It is not often that you hear about Indian military veterans starting a data science startup in Bangalore. With a combined experience of four decades in the Indian army, co-founders Shashi Kiran BP, CTO and Naveen Xavier, COO decided to put their military and technical expertise to good use with DataVal Analytics, founded in 2016.
Helmed by technologist and telecom guru Dr Sam Pitroda, Chairman & Co-Founder, DataVal recently made news worldwide when it aced Facebook’s famed AI task(20-part QA bAbi tasks) with a 100 percent accuracy, a first for any company across the world. Hosted by the Menlo Park giant, the Facebook AI Research (FAIR), benchmark test was created in 2015 to promote the goal of automatic text understanding and reasoning. And so far, none of the companies had achieved a 100 percent accuracy in the benchmark test.
DataVal Analytics — Solving Language Problem using AI
The startup has created an NLU engine that helps machines understand natural language. Natural Language Understanding (NLU), is essentially the computer’s ability to understand human language, and has the potential for ground-breaking solutions in areas such as the analysis of unstructured text and multilingual chatbots for example. According to Dr Pitroda, “Natural Language Understanding (NLU) capability is of significant importance for building the next generation of applications”.
CTO Shashi Kiran BP reveals that the startup has a more nuanced approach towards NLU. DataVal has developed a new NLU technology with a deep focus on the human way of understanding language. “When we started looking at other products, we realized we were nowhere near understanding natural language. That’s when we decided to build the NLU product and we did a lot of research,” said Shashi Kiran BP.
“When you see how a human understands natural language, it is primarily based on the understanding of the world. There is a requirement of teaching a machine what is the cause and effect of every action and the relation between different objects in the world.

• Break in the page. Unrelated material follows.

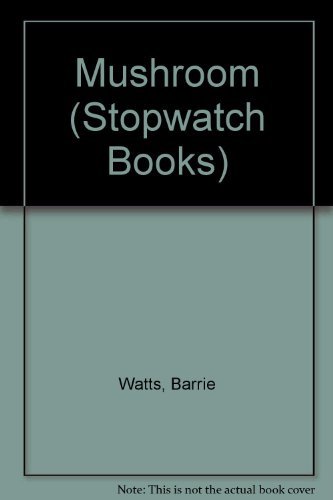 Beispielbild fr Mushroom (Stopwatch Books) zum Verkauf von SecondSale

A lot of common sense is involved in processing natural language,” he shared.
The NLU core engine has integrated multiple processes related to language pre-processing, word sense -disambiguation, conjunction processing, preposition association, co-reference resolution and time & space analysis, he said.

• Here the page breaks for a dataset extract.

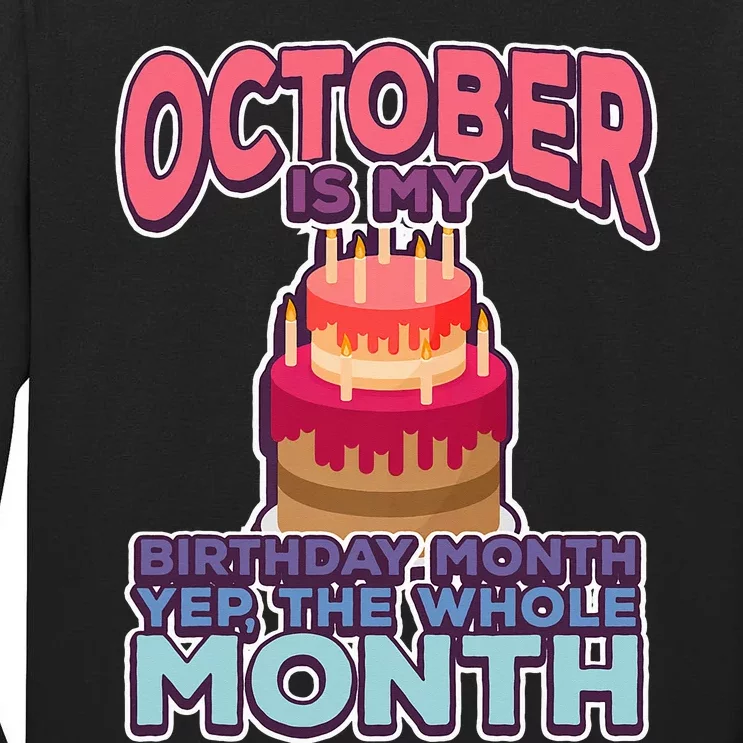 October It's My Birthday Month Yep The Whole Month Tall Long Sleeve T-Shirt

So how does this Bangalore and Chicago-based startup help machines make sense of natural language? “Since human language is largely grounded in experience and understanding of the concepts of the world, we have to start by teaching the machines the concepts of the world. Since language is created from the need to motivate an action in the world, the next step is teaching the machines what happens when an action occurs and what is the effect of that action. We are also developing a layer of intelligence which will use this information to perform reasoning” he added.
Why Is NLU a Tough Nut To Crack?
According to Stanford Computer Science and Statistics Professor Percy Liang and NLP expert, NLU can be divvied up into four distinct categories:
4) Interactive learning
Liang emphasizes that when the models are trained only on large bodies of text, and not on real-world representations, statistical methods for NLU usually end up lacking the real understanding of what words essentially mean.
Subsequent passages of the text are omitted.